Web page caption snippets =
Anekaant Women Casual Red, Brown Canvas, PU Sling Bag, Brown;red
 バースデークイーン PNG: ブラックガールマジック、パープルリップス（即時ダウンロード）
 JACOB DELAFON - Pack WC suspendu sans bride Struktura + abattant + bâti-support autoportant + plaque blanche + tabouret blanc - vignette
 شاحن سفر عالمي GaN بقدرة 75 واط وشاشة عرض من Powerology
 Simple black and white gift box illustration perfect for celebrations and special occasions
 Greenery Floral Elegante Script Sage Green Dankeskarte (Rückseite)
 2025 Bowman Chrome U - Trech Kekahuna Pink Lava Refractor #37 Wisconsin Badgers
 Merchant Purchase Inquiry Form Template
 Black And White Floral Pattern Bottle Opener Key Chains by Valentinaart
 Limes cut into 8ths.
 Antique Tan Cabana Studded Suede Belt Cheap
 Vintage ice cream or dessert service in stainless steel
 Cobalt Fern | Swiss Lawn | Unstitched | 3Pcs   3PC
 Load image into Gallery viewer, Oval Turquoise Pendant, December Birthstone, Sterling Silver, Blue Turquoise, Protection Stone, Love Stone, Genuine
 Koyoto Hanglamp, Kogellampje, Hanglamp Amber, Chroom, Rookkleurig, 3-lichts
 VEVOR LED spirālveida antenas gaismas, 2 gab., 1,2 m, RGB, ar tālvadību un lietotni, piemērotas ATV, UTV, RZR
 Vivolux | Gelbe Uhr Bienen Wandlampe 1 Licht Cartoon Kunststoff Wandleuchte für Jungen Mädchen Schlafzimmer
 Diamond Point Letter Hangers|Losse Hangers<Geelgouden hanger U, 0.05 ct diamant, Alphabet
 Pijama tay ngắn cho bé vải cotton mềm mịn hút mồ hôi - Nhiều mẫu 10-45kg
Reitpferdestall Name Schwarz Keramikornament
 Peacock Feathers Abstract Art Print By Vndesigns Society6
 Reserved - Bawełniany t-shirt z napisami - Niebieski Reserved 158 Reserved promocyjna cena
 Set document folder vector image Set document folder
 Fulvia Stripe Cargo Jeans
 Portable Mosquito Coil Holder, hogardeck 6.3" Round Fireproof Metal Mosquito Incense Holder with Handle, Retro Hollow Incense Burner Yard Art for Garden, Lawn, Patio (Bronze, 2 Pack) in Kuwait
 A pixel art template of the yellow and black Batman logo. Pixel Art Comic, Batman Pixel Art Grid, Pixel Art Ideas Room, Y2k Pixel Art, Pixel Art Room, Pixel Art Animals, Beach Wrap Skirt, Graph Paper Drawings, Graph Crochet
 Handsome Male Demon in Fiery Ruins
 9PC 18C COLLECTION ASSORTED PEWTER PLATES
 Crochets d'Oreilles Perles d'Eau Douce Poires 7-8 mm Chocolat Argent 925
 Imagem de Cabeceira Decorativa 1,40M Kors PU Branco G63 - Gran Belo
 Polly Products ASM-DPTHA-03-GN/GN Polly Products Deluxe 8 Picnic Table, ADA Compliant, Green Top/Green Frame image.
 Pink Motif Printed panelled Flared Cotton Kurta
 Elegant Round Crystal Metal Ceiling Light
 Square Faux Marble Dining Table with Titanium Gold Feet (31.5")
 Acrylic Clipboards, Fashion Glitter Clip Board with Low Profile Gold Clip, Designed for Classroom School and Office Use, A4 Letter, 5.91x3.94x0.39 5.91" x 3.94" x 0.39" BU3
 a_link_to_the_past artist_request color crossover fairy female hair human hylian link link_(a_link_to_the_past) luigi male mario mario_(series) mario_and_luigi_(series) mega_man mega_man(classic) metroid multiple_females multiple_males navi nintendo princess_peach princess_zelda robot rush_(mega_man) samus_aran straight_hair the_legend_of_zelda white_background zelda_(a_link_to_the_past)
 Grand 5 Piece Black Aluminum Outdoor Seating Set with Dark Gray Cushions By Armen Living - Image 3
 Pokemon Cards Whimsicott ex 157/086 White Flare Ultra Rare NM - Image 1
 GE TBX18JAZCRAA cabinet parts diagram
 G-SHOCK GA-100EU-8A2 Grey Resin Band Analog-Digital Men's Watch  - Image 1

About this task = Check the entries above line by line and return each one containing the word "Green".

The answer =
 Greenery Floral Elegante Script Sage Green Dankeskarte (Rückseite)
 Polly Products ASM-DPTHA-03-GN/GN Polly Products Deluxe 8 Picnic Table, ADA Compliant, Green Top/Green Frame image.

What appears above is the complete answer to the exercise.